== Work item ==
Every line of the records below that holds the word "rose" should be copied out.

== Supplied entries ==
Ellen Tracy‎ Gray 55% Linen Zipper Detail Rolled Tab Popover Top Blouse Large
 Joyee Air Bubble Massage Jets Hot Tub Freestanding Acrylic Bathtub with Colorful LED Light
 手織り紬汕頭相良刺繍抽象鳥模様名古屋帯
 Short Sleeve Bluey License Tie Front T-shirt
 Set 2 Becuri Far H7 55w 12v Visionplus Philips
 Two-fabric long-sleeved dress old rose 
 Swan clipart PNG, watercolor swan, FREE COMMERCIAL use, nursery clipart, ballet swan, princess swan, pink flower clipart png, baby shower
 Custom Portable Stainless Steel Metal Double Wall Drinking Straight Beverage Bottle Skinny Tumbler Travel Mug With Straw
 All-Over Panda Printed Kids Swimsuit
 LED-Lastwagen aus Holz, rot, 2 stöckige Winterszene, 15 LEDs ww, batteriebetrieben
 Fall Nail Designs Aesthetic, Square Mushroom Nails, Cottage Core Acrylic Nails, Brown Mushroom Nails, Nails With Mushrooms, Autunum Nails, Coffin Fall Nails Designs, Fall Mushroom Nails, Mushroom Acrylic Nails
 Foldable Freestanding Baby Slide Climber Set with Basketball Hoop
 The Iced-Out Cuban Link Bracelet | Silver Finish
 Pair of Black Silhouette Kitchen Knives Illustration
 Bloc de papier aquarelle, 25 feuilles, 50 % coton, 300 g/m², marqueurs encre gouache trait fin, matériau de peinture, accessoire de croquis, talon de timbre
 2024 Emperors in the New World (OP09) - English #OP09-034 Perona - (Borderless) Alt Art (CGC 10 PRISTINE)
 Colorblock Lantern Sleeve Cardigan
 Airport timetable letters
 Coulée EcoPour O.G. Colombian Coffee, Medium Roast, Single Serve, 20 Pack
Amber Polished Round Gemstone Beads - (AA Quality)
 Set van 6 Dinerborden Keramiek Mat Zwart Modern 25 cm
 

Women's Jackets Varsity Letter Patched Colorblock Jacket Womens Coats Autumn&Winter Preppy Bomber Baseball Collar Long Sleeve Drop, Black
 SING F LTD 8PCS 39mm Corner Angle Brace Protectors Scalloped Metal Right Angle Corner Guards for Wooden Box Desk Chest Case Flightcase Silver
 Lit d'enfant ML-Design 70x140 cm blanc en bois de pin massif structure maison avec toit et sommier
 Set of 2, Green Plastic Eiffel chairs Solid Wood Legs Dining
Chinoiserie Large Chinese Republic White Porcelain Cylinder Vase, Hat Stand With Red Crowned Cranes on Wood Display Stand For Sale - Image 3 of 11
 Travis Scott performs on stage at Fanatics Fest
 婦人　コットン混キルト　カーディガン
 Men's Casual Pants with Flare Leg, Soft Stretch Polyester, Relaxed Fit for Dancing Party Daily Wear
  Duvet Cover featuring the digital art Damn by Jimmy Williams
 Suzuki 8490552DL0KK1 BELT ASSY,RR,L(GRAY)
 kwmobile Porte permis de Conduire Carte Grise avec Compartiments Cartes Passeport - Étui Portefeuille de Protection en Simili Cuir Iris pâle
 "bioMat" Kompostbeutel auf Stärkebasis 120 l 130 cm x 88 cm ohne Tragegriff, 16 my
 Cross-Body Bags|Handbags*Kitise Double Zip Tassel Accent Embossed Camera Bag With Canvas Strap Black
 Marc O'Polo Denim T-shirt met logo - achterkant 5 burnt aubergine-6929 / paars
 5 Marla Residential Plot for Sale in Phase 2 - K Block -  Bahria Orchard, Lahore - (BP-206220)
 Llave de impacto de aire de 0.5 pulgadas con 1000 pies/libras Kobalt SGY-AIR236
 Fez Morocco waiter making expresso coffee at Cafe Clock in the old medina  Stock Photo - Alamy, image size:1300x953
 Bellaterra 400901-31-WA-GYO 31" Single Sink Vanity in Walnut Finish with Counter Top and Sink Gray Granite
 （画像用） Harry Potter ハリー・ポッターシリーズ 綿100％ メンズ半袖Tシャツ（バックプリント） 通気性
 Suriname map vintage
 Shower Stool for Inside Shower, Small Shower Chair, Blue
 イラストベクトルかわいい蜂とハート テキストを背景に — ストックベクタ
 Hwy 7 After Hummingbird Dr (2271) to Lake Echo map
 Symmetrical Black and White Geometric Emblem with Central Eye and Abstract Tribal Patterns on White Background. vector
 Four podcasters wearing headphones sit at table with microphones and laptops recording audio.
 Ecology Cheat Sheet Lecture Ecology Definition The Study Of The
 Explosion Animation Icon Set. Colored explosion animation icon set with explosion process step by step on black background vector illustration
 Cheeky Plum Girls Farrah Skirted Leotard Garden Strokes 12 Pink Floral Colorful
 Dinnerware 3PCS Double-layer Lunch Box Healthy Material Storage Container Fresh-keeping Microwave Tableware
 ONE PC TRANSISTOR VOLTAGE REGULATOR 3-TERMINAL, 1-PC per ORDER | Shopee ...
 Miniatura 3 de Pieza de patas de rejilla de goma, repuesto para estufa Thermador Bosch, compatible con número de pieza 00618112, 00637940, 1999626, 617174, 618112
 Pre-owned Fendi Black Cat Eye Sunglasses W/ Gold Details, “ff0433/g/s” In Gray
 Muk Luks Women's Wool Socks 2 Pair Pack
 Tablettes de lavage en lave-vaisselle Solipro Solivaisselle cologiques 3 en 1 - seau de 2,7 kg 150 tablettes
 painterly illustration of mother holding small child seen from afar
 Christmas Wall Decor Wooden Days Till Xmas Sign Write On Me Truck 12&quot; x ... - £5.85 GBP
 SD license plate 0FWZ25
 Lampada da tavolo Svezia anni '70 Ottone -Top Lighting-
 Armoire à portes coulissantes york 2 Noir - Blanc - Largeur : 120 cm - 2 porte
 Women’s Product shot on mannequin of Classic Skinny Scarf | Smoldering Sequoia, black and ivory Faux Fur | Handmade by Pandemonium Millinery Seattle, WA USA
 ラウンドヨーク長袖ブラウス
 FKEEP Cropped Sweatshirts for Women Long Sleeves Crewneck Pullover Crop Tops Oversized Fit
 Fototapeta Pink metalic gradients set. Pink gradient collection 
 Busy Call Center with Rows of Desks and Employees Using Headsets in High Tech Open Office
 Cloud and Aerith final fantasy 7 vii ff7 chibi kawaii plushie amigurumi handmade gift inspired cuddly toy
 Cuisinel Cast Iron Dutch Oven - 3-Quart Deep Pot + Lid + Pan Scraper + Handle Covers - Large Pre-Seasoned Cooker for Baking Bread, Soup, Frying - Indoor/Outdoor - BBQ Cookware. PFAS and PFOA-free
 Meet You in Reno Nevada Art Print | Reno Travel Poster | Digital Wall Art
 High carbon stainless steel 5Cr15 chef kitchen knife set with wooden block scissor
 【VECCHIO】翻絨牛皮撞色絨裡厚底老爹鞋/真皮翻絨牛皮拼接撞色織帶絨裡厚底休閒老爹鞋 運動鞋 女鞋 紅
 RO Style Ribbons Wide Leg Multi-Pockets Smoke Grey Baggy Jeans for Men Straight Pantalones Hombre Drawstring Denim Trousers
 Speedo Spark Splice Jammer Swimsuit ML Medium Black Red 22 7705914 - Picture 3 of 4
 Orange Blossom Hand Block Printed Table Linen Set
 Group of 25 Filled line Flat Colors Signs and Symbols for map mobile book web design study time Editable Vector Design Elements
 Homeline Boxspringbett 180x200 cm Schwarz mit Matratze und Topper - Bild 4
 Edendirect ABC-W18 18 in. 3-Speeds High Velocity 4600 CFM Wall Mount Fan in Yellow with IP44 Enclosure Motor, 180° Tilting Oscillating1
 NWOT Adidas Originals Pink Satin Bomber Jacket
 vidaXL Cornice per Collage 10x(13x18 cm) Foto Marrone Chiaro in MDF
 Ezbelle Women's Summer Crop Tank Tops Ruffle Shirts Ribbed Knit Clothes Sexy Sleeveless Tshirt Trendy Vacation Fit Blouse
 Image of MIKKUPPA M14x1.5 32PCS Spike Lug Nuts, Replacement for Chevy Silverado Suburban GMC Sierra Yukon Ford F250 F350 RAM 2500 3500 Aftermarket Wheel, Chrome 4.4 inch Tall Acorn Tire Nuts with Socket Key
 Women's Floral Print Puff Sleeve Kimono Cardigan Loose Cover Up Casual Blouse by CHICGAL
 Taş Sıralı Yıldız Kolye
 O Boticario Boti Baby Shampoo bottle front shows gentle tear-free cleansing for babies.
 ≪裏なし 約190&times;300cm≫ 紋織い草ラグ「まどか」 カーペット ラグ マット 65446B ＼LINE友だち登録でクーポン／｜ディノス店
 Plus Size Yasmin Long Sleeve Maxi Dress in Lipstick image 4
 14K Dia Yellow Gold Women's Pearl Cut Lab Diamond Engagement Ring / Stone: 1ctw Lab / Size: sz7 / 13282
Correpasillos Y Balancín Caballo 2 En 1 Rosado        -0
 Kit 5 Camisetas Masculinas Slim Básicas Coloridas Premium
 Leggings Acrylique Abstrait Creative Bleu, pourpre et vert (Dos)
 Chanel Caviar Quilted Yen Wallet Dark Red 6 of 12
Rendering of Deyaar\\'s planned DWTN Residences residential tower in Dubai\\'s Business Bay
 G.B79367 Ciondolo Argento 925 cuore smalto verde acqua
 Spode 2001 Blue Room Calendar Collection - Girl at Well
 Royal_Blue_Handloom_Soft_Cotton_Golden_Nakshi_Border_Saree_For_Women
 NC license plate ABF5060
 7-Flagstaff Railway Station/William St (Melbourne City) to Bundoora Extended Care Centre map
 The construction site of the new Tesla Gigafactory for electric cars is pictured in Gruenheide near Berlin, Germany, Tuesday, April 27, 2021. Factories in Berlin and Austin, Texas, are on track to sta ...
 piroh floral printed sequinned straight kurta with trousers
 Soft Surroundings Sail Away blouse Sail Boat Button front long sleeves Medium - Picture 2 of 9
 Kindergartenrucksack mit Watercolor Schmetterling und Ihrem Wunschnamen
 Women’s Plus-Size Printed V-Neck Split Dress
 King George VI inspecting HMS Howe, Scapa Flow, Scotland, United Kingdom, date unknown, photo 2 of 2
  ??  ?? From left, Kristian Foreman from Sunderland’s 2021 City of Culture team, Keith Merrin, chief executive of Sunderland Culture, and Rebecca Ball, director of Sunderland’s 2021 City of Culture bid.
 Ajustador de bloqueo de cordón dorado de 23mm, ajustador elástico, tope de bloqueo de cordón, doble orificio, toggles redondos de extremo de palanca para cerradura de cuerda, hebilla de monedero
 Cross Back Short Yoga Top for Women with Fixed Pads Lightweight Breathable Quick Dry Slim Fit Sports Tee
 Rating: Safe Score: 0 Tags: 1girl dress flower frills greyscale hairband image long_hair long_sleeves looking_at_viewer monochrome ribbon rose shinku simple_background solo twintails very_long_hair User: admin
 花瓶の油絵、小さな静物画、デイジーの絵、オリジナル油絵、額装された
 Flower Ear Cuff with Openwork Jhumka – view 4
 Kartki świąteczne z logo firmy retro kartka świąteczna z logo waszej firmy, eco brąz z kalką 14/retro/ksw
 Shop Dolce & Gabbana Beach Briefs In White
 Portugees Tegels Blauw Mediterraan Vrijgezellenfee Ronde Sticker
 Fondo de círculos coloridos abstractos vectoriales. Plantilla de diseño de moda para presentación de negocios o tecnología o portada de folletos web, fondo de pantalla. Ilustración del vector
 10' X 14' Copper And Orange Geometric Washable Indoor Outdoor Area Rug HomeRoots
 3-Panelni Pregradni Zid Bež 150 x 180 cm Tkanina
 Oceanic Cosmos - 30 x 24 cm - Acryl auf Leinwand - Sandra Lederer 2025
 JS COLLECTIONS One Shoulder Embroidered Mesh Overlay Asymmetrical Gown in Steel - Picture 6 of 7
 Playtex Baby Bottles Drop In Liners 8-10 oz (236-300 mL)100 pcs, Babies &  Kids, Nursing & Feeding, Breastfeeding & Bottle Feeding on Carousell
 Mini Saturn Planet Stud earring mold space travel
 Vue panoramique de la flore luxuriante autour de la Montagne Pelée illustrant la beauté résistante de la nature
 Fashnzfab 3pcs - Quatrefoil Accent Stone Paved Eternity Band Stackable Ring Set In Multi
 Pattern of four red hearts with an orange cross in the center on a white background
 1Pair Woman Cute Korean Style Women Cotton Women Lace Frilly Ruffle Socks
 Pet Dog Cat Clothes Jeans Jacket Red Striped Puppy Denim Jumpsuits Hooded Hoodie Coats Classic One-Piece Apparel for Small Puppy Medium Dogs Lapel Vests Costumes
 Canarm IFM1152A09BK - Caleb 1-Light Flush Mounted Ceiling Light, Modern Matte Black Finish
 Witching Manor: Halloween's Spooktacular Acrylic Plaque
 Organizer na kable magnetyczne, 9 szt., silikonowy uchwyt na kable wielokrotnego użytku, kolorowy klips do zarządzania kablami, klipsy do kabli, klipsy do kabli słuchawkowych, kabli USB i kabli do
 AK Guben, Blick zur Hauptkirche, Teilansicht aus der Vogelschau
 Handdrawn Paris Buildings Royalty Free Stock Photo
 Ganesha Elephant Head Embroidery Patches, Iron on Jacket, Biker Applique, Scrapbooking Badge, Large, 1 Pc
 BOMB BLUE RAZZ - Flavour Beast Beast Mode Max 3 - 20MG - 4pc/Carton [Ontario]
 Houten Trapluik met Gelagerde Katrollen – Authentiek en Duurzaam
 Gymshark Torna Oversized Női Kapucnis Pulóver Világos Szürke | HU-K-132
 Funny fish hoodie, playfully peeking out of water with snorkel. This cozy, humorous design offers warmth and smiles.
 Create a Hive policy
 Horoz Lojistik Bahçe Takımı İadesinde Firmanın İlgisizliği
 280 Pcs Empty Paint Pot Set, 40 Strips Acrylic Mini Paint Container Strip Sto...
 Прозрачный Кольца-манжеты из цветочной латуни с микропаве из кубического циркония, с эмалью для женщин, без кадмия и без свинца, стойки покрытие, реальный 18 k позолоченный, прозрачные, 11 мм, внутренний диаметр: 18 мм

== Result below ==
 Two-fabric long-sleeved dress old rose 
 Rating: Safe Score: 0 Tags: 1girl dress flower frills greyscale hairband image long_hair long_sleeves looking_at_viewer monochrome ribbon rose shinku simple_background solo twintails very_long_hair User: admin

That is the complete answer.